The number of deaths from swine flu remained the same as last week at 26 in England. This followed detailed investigations which led to some deaths originally attributed to swine flu being removed from the total while others were added. There were four deaths in Scotland.
One-third of the deaths were in children under 16 and three-quarters were aged under 45 – the reverse of the pattern with seasonal flu which is most serious in the elderly. Sir Liam said the total of deaths was provisional, because investigations were incomplete. Of those investigated, 16 per cent of the victims were healthy before they got swine flu. The remainder had underlying conditions ranging from mild (high blood pressure) to severe (leukaemia).
Sir Liam said it was "a little bit of possibly good news". In addition, the most recent figures for this week showed signs of a dip in the number of cases of swine flu.
"There will be a 'worried well' effect when the media write about this. The US appears to have peaked and we may be seeing a lull effect but I don't think we have got there yet."

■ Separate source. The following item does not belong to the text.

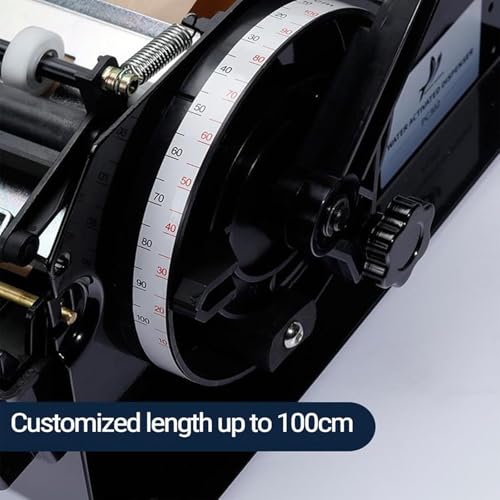 Distributore di nastro semiautomatico con impostazioni regolabili per una sigillatura efficiente dei cartoni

Justin McCracken, chief executive of the Health Protection Agency, said: "There are some early signs for cautious optimism. What we might be seeing is an early slowing in the rate of the increase. We have said all along this is a mild disease in most people. This week's figures are entirely consistent with that. There is absolutely no sign of the disease becoming more virulent or more serious."
The number for the National Pandemic Flu Service for England is 0800 1513 100 and the website address is www.direct.gov.uk/pandemicflu.
Pandemic notebook: Not even swine flu can get into Gaza
Gaza has enough problems without adding that of swine flu. Which is why the Hamas authorities have begun to screen foreign – or at least British – visitors to ensure that the Strip stays free of the global epidemic, as I discovered on my most recent trip to the besieged territory last week.
At the Hamas-controlled checkpoint 2km in from the Israeli border, my passport was examined and my bags searched as normal. I was then asked by a police officer to step inside an adjacent hut to see a doctor.
The medic, a general practitioner from the northern border town of Beit Hanoun, then politely – in English – asked me about my recent trips to Gaza, when I had last been in the United Kingdom and whether I had suffered from fever or any other symptoms in recent weeks.
Once reassured, and after flipping through my passport, he shook my hand and bade me goodbye. Unlike Israel itself, where the media have reported about 300 cases (and where I was not similarly checked when I last came through Ben Gurion airport in June), and the West Bank, where at least 11 cases have also been reported, Gaza has not so far had a single case. It is perhaps the only benefit of the stringent closure imposed by Israel. And the Hamas de-facto government plans to keep it that way.
42-mile trek through Dales to get Tamiflu
Relatives of a woman from the Wensleydale area of the Yorkshire Dales diagnosed with swine flu had to make a 42-mile round-trip to lay hands on the antiviral drug Tamiflu, despite the existence of a chemist four miles from her home. Doctors told the retired 64-year-old from West Witton, who did not want to be named, that she would only need Tamiflu if her 82-year-old husband, who suffers from Guillain-Barré syndrome, also showed symptoms.
"The doctors said I couldn't go out so I asked my brother to pick up the prescription for me. He travelled the few miles to the surgery and then to the chemist. But he was told that they were not stocking the drug. He then had to travel to another village, 13 miles away, to get my prescription before coming all the way back. I just don't understand how a chemist can not stock a drug which is in such high demand. The Government keeps saying Tamiflu is readily available. But that's no use if nobody is stocking the drug."